### Work to complete:
Copy only the lines between the one containing "Palago Hotel Ho Chi Minh Zewnętrze zdjęcie" and the end of the records, both included, leaving out pictures.

Captioned web image data

============

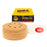 80 Grit - 5" Gold DA Sanding Discs - 8-Hole Pattern Hook and Loop - Box of 50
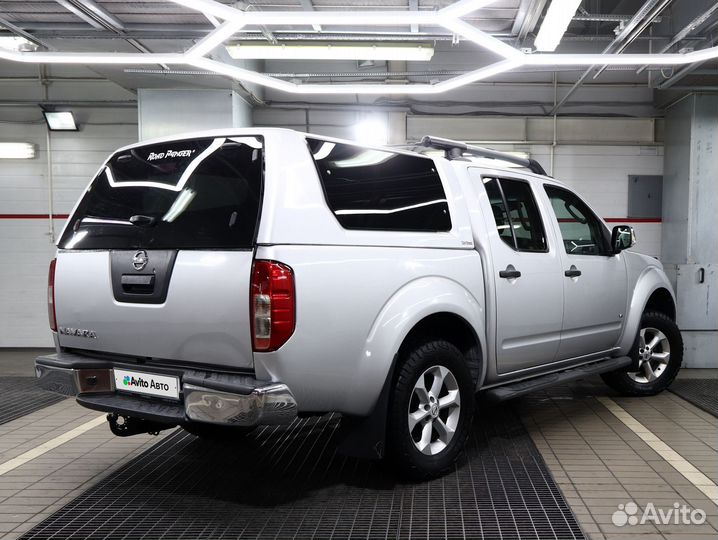 Nissan Navara 3.0 AT, 2012, 225 400 км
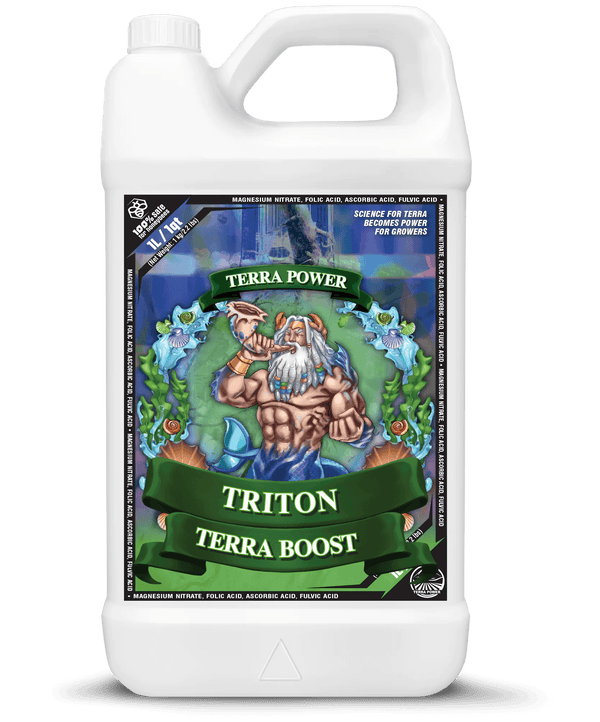 Terra Power - Triton - Terra Boost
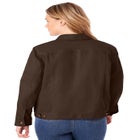 Stretch Denim Jean Jacket image number null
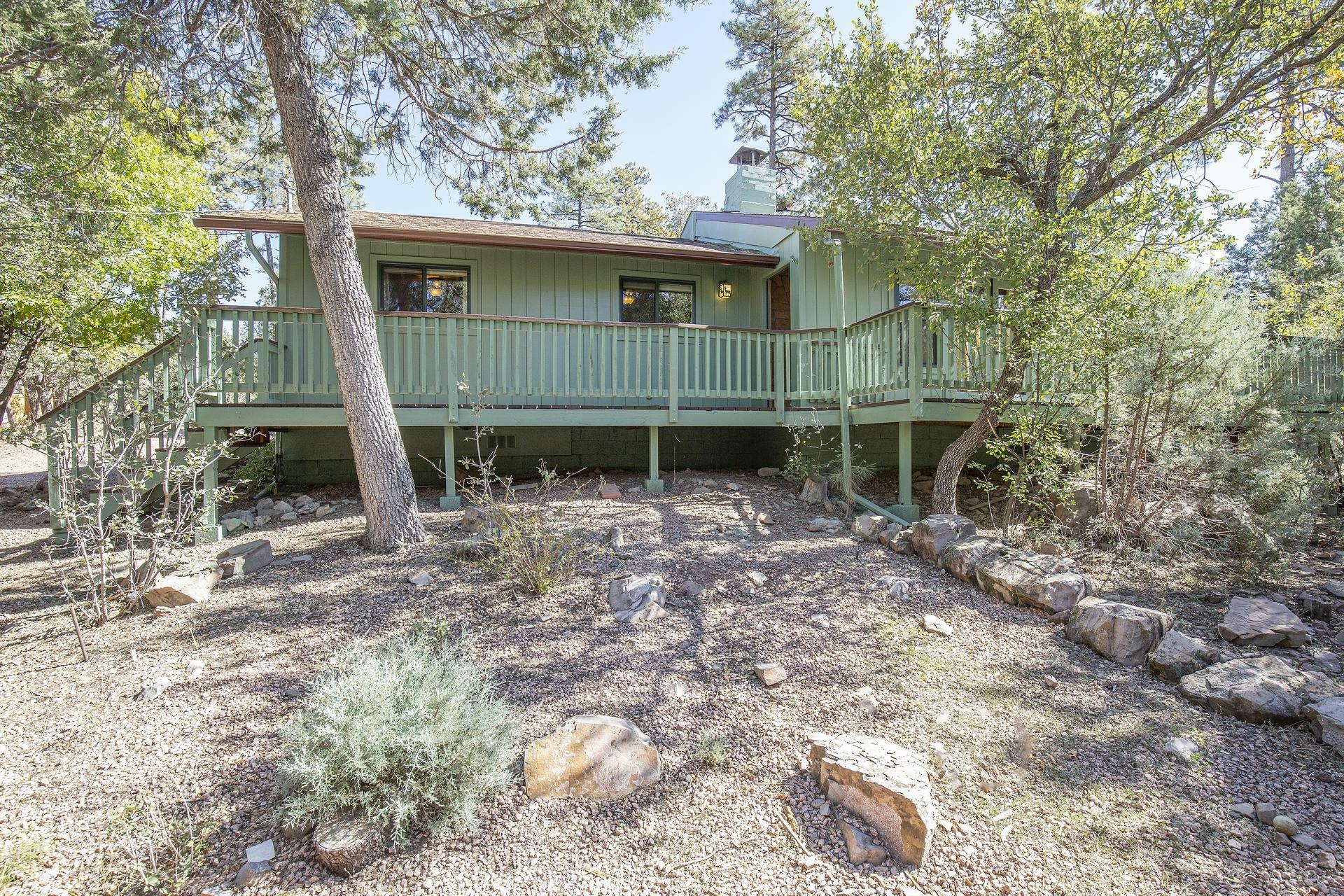 3439 Meadow Drive  Pine AZ 85544 photo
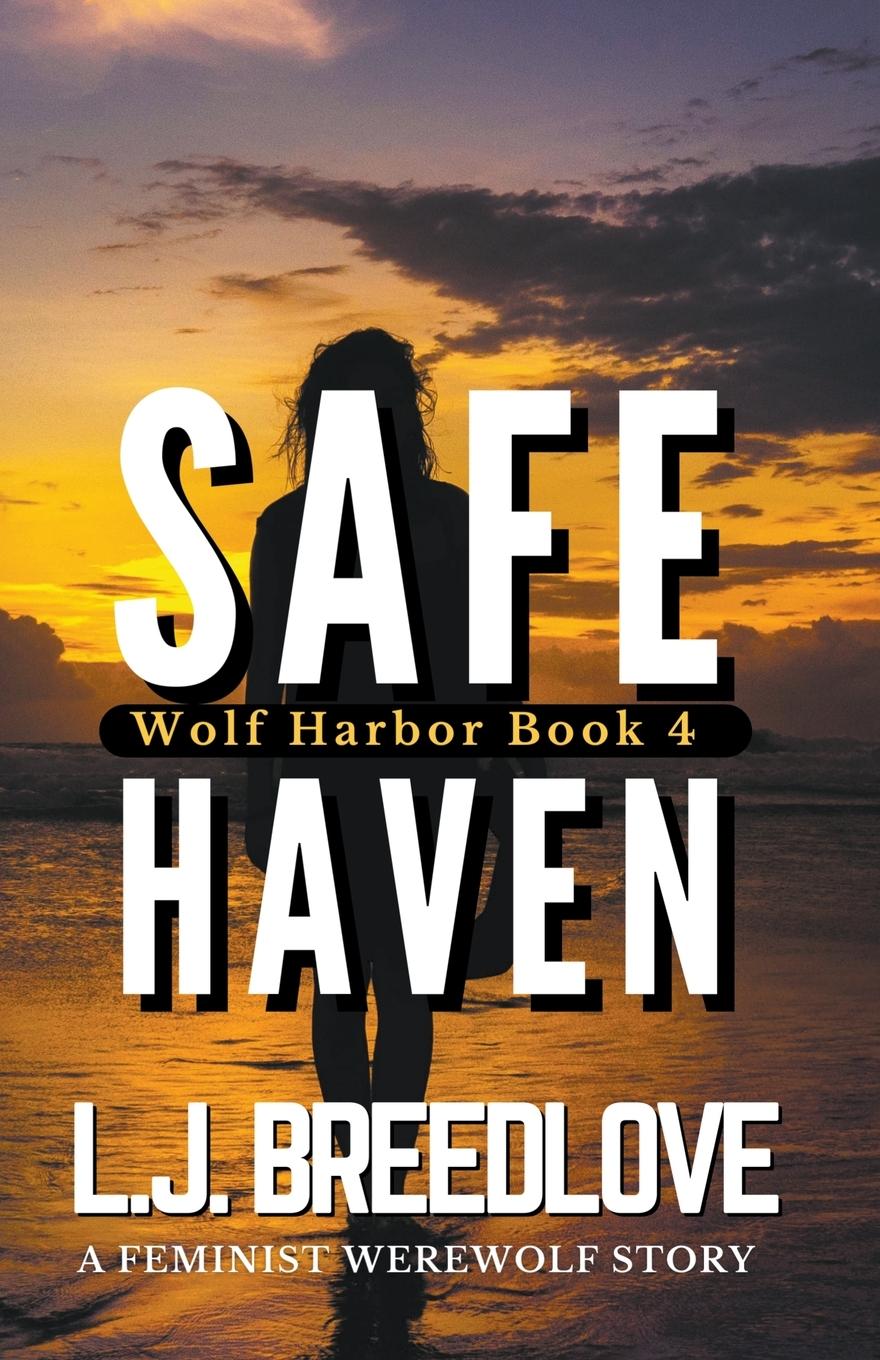 Buch Safe Haven L.J. Breedlove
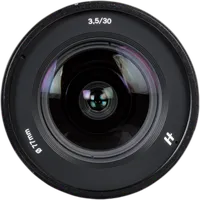 Hasselblad XCD 30mm f/3.5 Lens 1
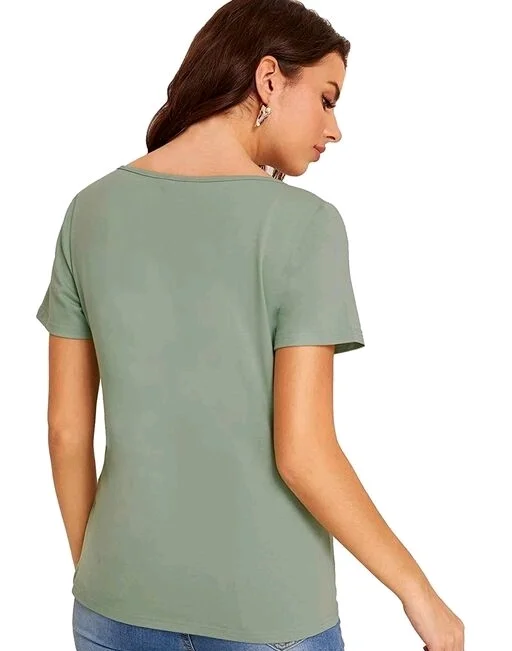 Trendy Cotton T-shirts 3 - XXL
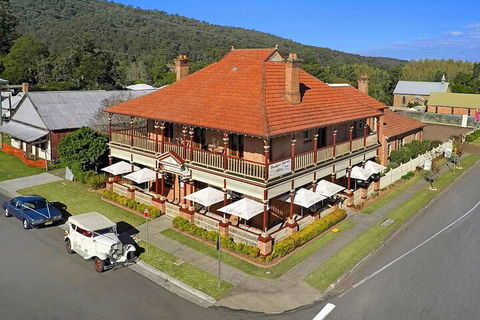 CBC Bed & Breakfast & Cafe - Maitland Accommodation 4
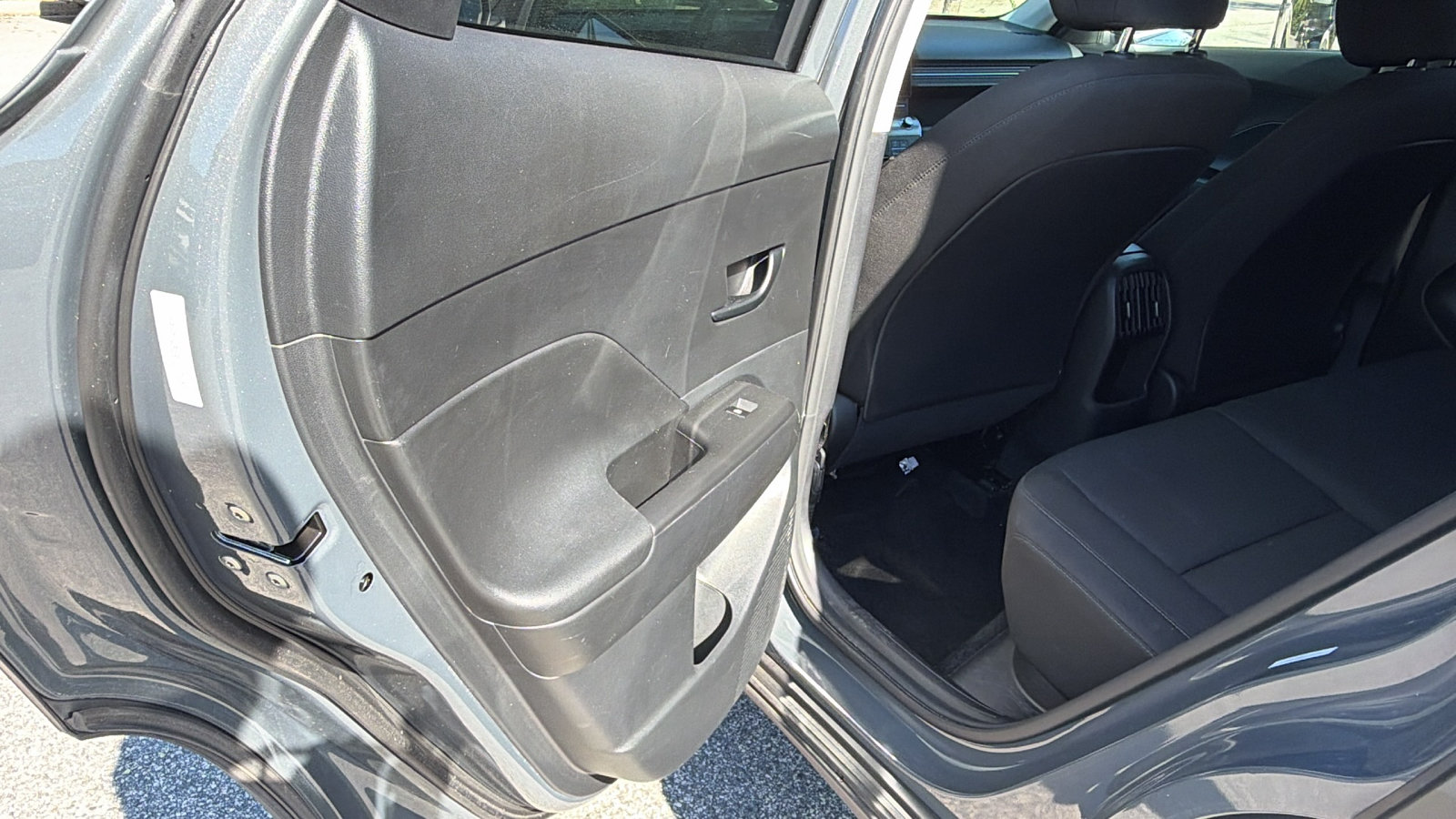 Used 2025 Hyundai Kona SEL AWD/4WD image 22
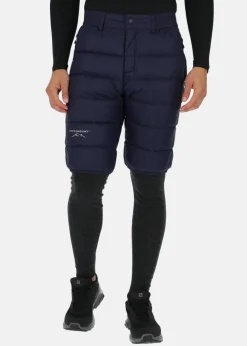 Discount Swedemount Östersund Down Shorts 2.0 Dk. Navy/Dk. Navy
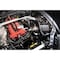 Hps Performance Air Intake Kit with Upper Hot Side Charge Pipe, Polished,  827-733P - alternate 19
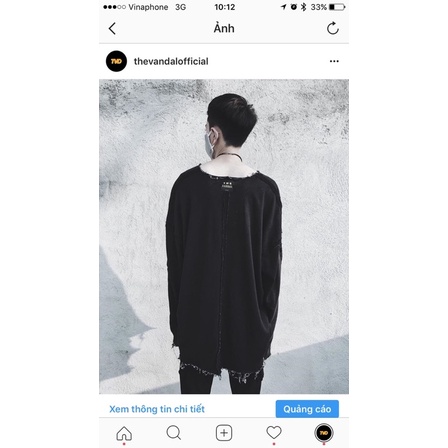 ÁO “TVD PLUS LONG SLEEVE” | BigBuy360 - bigbuy360.vn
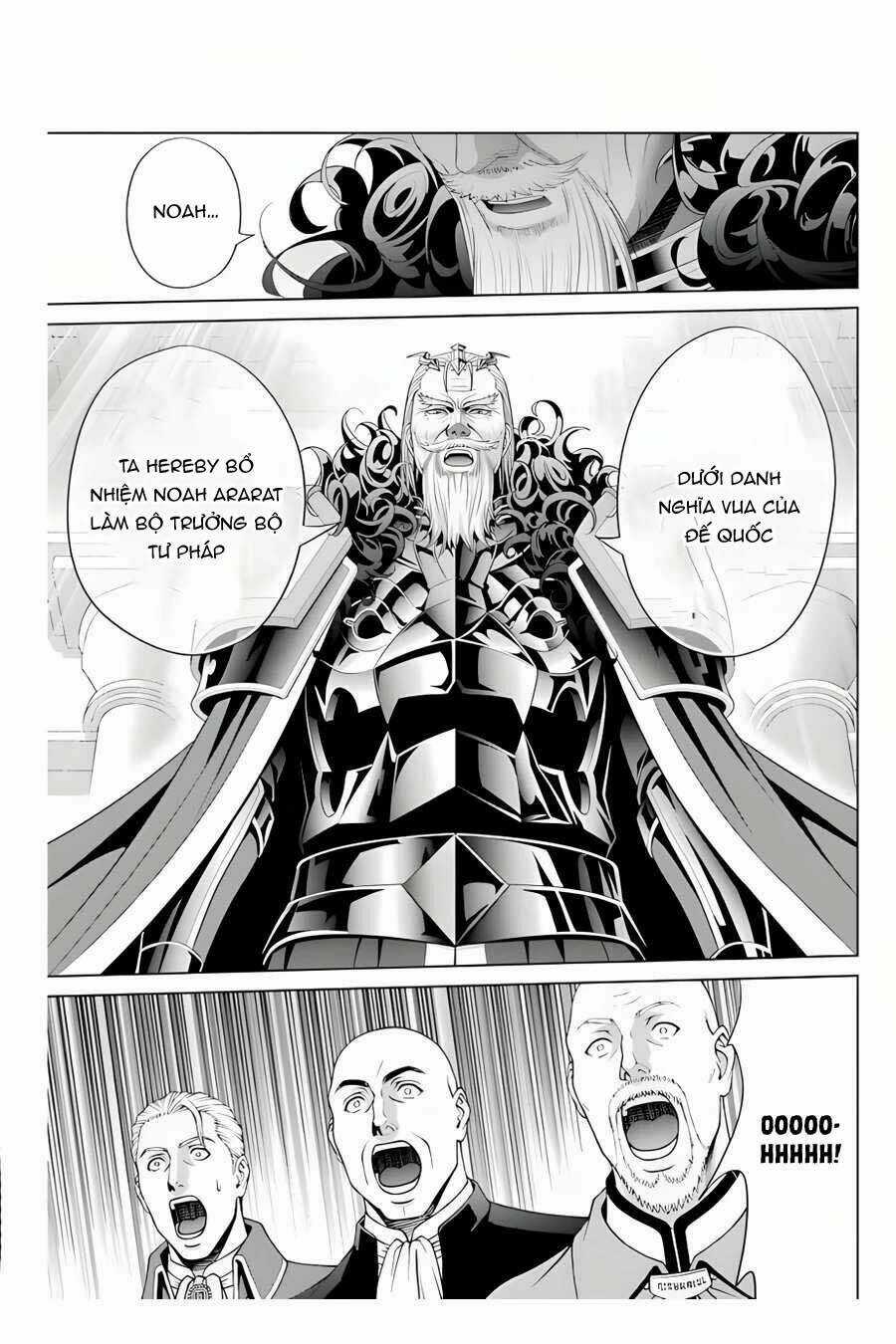 Tái sinh thành quý tộc quyền lực nhất, sở hữu sức mạnh được sinh ra từ phước lành Chapter 10 trang 31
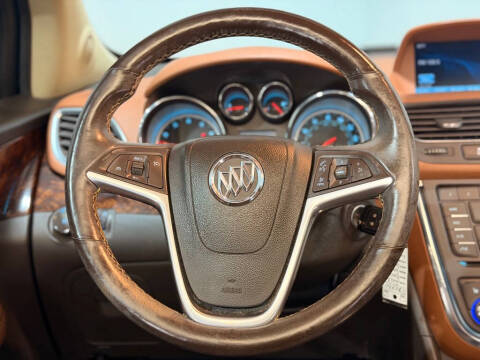 2013 Buick Encore Leather
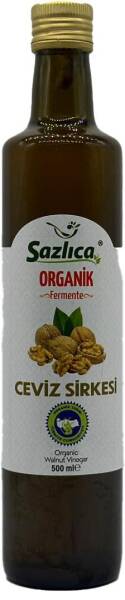 Sazlıca Ceviz Sirkesi 500 Ml - 1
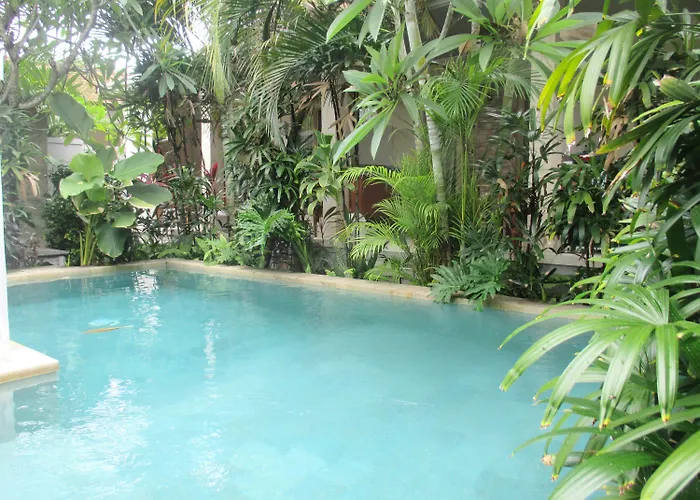 Pensión Sadana Bali 3*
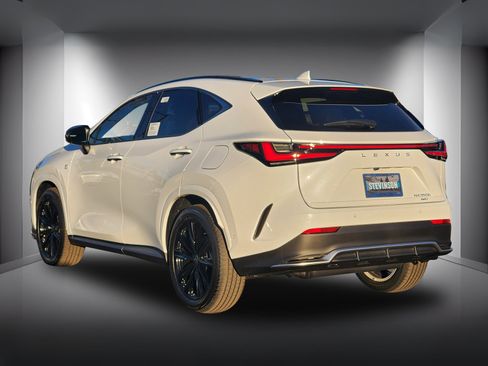 New 2026 Lexus NX 350h F Sport image 3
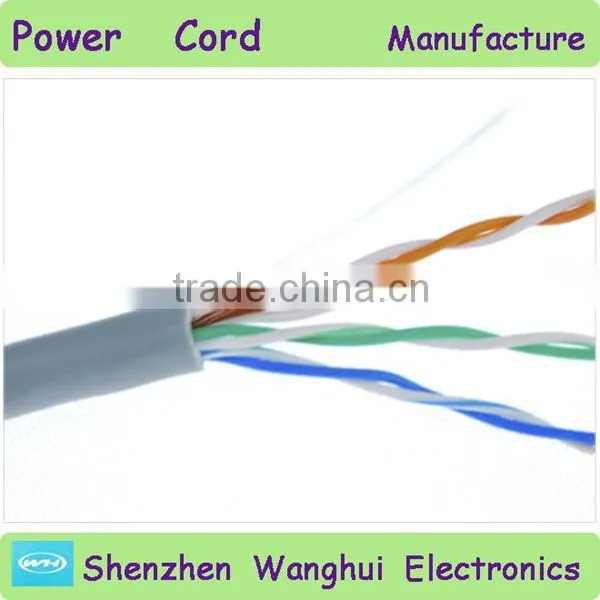 Cat 5e Type and 8 Number of Conductors networking cable/ digi-link cat5e cable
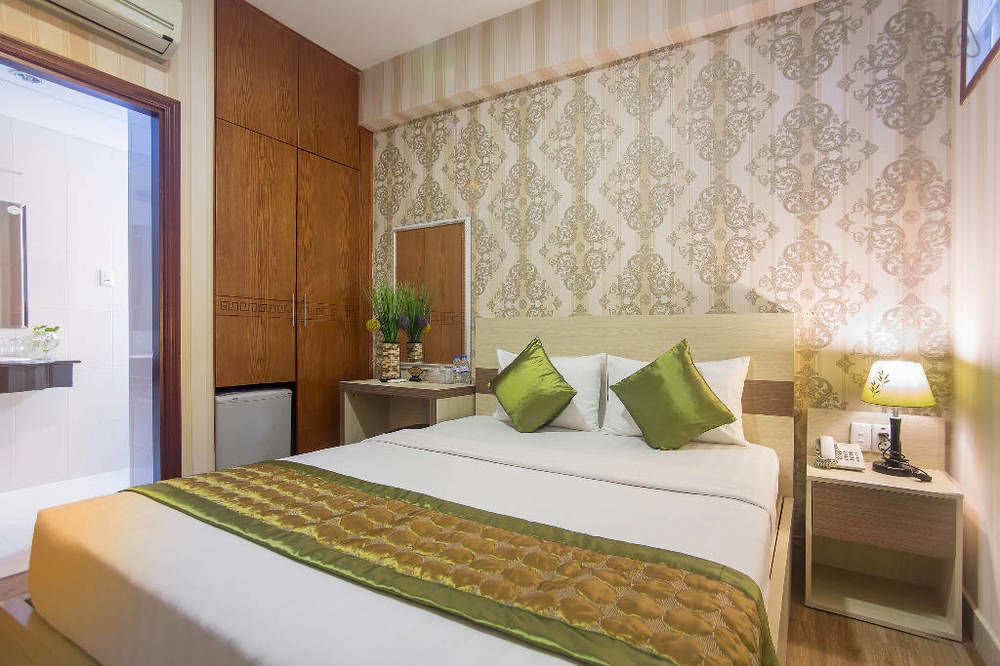 Palago Hotel Ho Chi Minh Zewnętrze zdjęcie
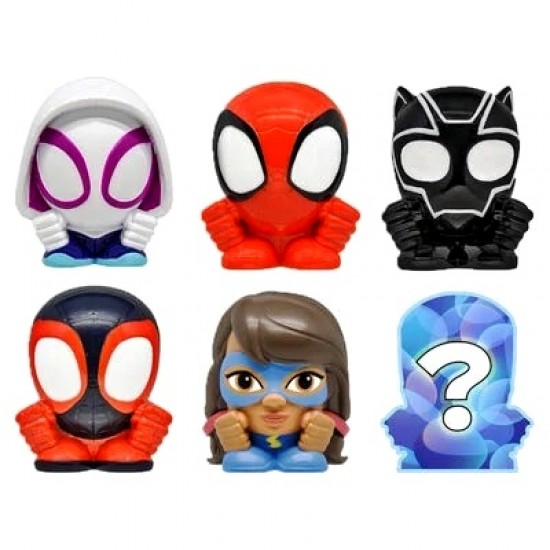 Spidey & His Amazing Friends Mashems (20ct) RRP £2.99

============

### Answer box:
 Palago Hotel Ho Chi Minh Zewnętrze zdjęcie
 Spidey & His Amazing Friends Mashems (20ct) RRP £2.99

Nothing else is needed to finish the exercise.